The introduction of the value-added tax (VAT) by the GCC from January 1, 2018, will only have a short-term impact on the spending power of locals and expats, according to a new report.
The five percent general consumption tax, BMI Research said, will be the largest measure to impact spending power of GCC citizens.
“Companies typically pass these costs down to consumers, which means we expect to see a five percent increase in prices for the majority of goods and services in 2018. We, therefore, believe this will lead to a short-term negative impact on consumer spending, as households adjust to the new price reality,” the Fitch Ratings subsidiary said.
However, it projected consumer spending levels to remain stable driven by relative wealth of households and low inflation ensuring purchasing power is not eroded significantly.
“Even expats will weather the storm due to exemptions on many basic goods including food and healthcare,” BMI said.
The UAE is expected to exempt more than 100 essential commodities from the tax list.
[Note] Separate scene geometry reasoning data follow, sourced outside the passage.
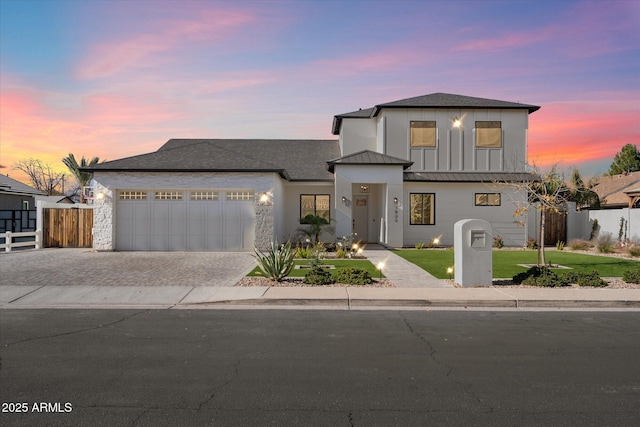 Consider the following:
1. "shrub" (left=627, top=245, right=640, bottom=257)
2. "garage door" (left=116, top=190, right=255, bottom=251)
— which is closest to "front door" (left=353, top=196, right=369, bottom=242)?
"garage door" (left=116, top=190, right=255, bottom=251)

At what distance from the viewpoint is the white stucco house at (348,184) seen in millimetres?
19312

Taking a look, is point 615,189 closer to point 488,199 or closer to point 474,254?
point 488,199

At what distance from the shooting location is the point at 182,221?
761 inches

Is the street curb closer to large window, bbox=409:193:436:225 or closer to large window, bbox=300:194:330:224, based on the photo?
large window, bbox=409:193:436:225

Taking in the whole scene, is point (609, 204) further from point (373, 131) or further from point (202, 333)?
point (202, 333)

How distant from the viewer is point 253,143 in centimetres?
2870

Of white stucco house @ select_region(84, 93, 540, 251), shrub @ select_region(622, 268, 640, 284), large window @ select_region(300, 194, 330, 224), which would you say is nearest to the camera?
shrub @ select_region(622, 268, 640, 284)

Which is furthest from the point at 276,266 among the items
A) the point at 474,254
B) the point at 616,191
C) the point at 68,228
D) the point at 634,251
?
the point at 616,191

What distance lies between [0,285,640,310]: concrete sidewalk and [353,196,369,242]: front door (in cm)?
1497

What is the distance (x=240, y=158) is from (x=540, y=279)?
13.8m

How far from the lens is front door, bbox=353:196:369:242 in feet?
83.2

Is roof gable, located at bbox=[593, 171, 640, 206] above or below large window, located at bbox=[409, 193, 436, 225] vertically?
above

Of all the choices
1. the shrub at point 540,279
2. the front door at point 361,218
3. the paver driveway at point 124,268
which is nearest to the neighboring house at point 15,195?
the paver driveway at point 124,268

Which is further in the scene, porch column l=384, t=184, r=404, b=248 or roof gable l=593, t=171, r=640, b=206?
roof gable l=593, t=171, r=640, b=206
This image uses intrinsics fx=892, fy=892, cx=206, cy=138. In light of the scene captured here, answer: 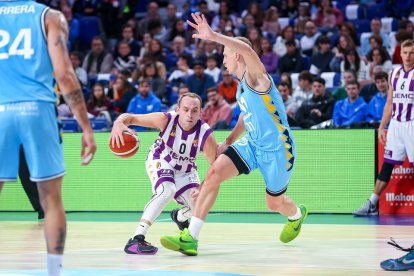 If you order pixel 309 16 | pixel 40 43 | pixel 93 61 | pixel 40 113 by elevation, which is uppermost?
pixel 40 43

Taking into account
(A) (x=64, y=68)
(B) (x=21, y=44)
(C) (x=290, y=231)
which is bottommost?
(C) (x=290, y=231)

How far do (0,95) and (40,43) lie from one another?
0.41 meters

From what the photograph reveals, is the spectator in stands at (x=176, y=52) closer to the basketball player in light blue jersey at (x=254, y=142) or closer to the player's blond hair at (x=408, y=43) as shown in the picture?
the player's blond hair at (x=408, y=43)

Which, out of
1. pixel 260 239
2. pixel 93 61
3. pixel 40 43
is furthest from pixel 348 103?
pixel 40 43

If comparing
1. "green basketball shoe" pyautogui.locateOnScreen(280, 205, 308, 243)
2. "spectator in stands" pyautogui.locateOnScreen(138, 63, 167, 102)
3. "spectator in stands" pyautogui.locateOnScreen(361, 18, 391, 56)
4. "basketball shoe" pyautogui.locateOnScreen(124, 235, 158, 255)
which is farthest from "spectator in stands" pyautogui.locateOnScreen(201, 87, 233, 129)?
"basketball shoe" pyautogui.locateOnScreen(124, 235, 158, 255)

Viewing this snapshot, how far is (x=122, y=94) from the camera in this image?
52.7ft

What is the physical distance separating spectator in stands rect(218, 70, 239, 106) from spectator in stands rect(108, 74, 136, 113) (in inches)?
63.8

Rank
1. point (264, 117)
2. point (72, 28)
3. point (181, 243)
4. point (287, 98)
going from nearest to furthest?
point (181, 243)
point (264, 117)
point (287, 98)
point (72, 28)

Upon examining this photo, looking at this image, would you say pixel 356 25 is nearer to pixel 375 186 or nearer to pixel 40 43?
pixel 375 186

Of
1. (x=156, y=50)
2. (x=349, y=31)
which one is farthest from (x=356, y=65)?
(x=156, y=50)

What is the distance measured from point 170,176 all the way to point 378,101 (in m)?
5.86

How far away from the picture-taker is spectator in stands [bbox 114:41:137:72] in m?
18.3

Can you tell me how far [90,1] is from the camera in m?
20.8

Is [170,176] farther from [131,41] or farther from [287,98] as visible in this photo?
[131,41] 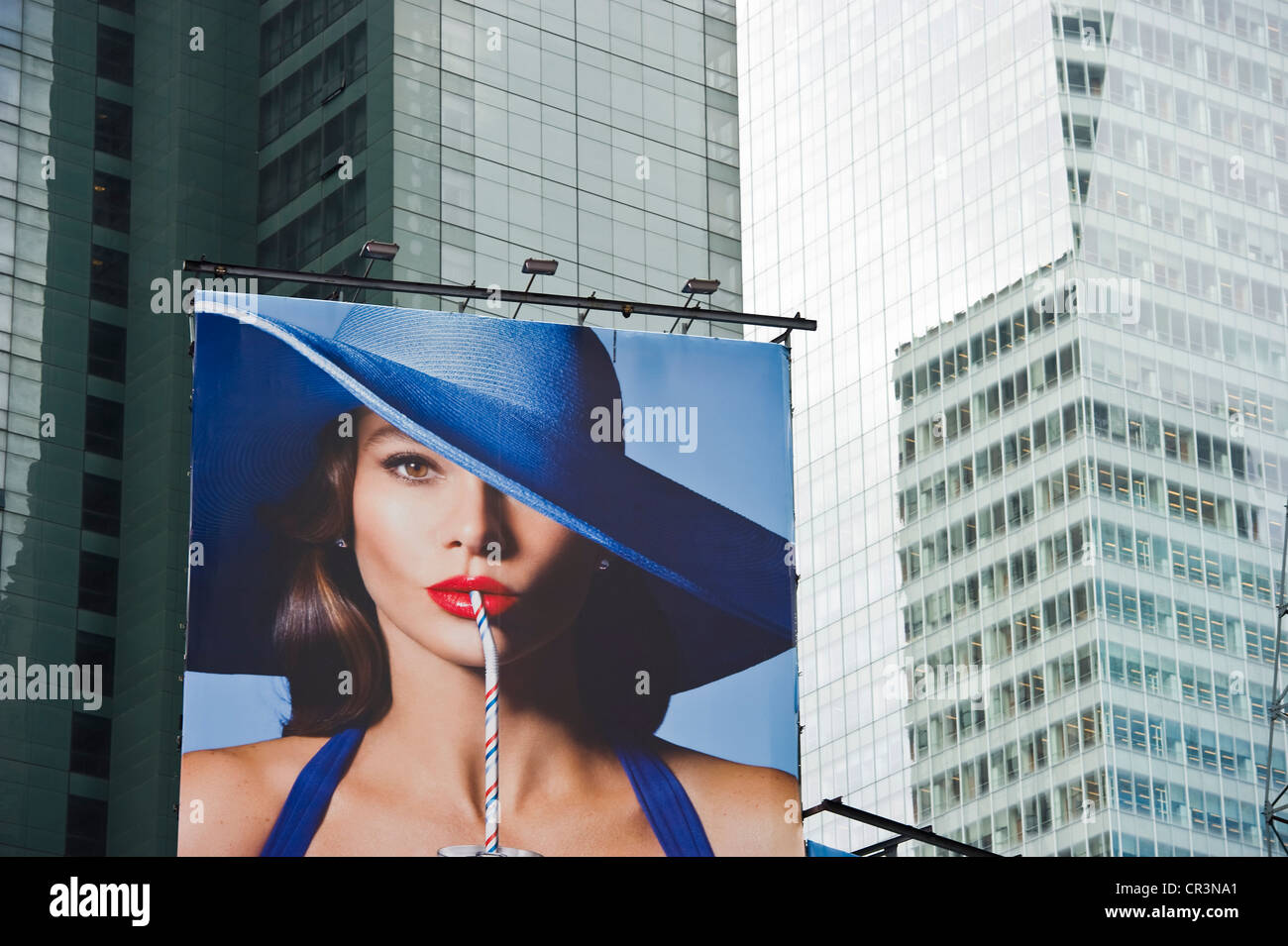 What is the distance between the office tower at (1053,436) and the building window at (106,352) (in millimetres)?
64227

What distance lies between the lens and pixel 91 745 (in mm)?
93562

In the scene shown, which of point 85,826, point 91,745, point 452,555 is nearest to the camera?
point 452,555

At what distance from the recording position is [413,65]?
90062 millimetres

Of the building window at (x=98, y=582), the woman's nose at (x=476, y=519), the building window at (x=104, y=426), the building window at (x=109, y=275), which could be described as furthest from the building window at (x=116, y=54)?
the woman's nose at (x=476, y=519)

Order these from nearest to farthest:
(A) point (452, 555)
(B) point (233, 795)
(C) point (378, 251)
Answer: (B) point (233, 795), (C) point (378, 251), (A) point (452, 555)

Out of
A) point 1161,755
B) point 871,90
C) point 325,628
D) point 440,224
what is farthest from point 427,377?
point 871,90

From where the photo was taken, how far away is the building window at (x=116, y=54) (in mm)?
104375

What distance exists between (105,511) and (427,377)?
190 feet

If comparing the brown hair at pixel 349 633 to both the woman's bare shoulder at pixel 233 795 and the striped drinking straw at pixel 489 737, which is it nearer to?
the woman's bare shoulder at pixel 233 795

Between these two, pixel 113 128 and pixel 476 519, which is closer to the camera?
pixel 476 519

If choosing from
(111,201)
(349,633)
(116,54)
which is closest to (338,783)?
(349,633)

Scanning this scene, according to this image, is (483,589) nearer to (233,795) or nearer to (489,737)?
(489,737)

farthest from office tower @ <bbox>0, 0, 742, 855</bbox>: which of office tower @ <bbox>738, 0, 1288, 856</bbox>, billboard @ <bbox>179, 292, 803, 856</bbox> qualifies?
office tower @ <bbox>738, 0, 1288, 856</bbox>

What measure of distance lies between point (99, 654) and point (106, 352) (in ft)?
47.5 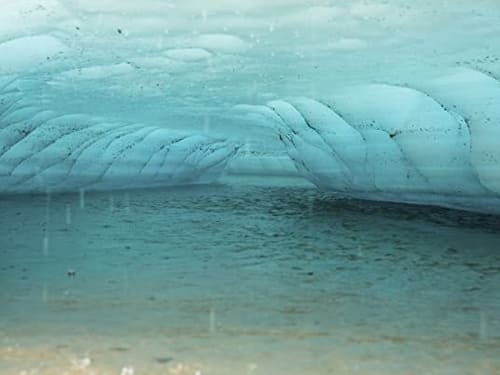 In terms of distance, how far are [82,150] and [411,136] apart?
672 centimetres

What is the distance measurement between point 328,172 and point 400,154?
304 cm

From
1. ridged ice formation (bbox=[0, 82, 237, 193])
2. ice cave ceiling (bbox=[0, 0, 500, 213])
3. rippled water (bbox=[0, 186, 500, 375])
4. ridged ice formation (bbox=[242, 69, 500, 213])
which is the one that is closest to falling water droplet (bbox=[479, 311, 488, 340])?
rippled water (bbox=[0, 186, 500, 375])

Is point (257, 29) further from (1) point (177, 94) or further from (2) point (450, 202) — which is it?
(2) point (450, 202)

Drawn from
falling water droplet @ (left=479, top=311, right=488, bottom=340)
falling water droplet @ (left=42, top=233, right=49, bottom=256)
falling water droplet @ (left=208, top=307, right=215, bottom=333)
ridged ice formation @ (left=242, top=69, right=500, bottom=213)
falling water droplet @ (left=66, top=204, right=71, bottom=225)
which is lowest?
falling water droplet @ (left=66, top=204, right=71, bottom=225)

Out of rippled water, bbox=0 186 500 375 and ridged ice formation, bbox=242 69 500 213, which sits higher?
ridged ice formation, bbox=242 69 500 213

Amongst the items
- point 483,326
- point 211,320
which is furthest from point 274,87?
point 483,326

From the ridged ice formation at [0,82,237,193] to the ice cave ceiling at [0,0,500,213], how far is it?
0.04 meters

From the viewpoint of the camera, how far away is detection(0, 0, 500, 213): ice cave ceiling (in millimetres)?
4750

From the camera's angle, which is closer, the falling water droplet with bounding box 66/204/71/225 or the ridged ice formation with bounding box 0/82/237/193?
the falling water droplet with bounding box 66/204/71/225

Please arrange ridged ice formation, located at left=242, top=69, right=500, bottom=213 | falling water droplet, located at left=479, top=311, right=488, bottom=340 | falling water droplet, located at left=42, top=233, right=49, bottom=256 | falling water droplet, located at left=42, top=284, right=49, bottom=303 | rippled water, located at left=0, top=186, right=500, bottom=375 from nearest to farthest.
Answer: rippled water, located at left=0, top=186, right=500, bottom=375 < falling water droplet, located at left=479, top=311, right=488, bottom=340 < falling water droplet, located at left=42, top=284, right=49, bottom=303 < falling water droplet, located at left=42, top=233, right=49, bottom=256 < ridged ice formation, located at left=242, top=69, right=500, bottom=213

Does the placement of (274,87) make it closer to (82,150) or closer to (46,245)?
(46,245)

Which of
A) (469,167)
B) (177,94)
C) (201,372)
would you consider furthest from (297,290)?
(177,94)

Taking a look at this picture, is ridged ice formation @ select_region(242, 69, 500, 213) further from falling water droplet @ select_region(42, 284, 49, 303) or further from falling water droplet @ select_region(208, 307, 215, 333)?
falling water droplet @ select_region(42, 284, 49, 303)

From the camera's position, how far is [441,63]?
560cm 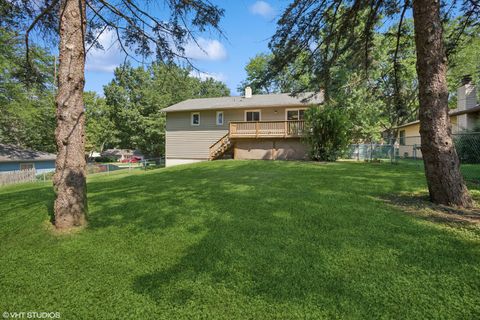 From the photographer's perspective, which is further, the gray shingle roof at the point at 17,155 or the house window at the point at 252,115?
the gray shingle roof at the point at 17,155

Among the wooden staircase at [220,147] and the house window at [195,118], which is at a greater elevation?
the house window at [195,118]

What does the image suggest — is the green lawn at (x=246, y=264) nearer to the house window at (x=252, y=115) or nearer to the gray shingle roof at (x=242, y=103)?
the gray shingle roof at (x=242, y=103)

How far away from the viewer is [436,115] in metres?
4.20

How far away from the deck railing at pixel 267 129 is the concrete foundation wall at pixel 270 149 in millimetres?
550

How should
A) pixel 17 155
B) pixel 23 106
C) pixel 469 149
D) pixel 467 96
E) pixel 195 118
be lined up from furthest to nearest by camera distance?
1. pixel 17 155
2. pixel 23 106
3. pixel 195 118
4. pixel 467 96
5. pixel 469 149

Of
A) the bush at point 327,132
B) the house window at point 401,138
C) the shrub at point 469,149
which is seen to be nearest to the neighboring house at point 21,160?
the bush at point 327,132

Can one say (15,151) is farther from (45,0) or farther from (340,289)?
(340,289)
According to the consultancy, though the common framework was agreed upon in May 2016, there is a possibility that the each domestic VAT law will differ slightly at the country level.
“This means the amount of revenue raised, details on product exemptions and the costs to growth will vary across the GCC. Our Country Risk team expects the UAE will be the most affected by the introduction of VAT given its larger consumer base, as the country will raise 2.1 percent of GDP from the tax, compared to 1.1 percent in Qatar and 2.0 percent in Kuwait,” it added.